On March 8, Nellis Air Force Base officially closed the public comment period on its draft environmental impact statement for proposed land withdrawal to enable an expansion of the Nevada Test and Training Range (NTTR).

Input deemed substantive will be included and addressed in the final environmental impact statement, slated for release in September.

At the March 5 meeting of the Lincoln County Regional Development Authority (LCRDA), members approved sending a letter to the Air Force expressing their opposition to Alternative 3C, the supposedly preferred alternative, which would impact access to approximately 155,000 acres of Lincoln County land that is currently used for recreation.

LCRDA executive director Jeff Fontaine noted the letter is similar to the one submitted earlier by the Board of County Commissioners, but noted the LCRDA letter did not address the Air Force’s other proposed alternatives and states there are no projections on the economic impacts in the EIS.

A series of public meetings was held by the Air Force to present their proposals for land withdrawals which would involve 301,507 acres. Several alternatives were also put forth at the meetings. The Air Force seems to be in favor of Alternative 3C which would involve withdrawal of 227,000 acres from south of Lower Pahranagat Lake down through Clark County.

However, Alternative 3C would, in effect, close off two-thirds of the public access to the Desert National Wildlife Refuge, as well as other parts of Pine Creek Road, Saddle Mountain, Cabin Springs, White Rock, Sheep Pass, the sand dunes at Dry Lake Springs, Rug Mountain, Alamo Road, and Corn Creek.

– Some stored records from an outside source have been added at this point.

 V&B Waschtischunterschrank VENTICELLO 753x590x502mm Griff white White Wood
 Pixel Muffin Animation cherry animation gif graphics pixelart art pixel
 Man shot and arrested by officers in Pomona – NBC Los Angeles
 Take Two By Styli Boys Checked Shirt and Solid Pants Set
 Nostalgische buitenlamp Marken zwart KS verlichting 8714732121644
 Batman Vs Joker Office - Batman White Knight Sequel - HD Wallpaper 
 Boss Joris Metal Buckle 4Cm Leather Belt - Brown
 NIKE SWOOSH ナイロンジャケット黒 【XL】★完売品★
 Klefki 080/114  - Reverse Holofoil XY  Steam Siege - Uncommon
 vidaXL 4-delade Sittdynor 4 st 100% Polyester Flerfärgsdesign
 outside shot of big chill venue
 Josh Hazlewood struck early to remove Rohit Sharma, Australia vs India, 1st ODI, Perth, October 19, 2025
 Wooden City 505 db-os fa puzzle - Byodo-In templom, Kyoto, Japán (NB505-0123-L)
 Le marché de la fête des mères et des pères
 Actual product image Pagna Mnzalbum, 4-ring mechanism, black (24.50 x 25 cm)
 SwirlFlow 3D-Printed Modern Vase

County commissioners had planned to discuss a resolution they want to submit regarding the NTTR land withdrawal at the March 5 meeting, but tabled the item due to the absence of Commissioner Varlin Higbee, who represents the Board to the Nellis Air Base.

After the public comments are reviewed, the draft will be presented to the U.S. Congress, which has the final say on the expansion. Congress may take up the matter as early as next year, following a review by the Interior Department.

The military needs lawmakers to act before 2021, when the current land withdrawal for NTTR is set to expire.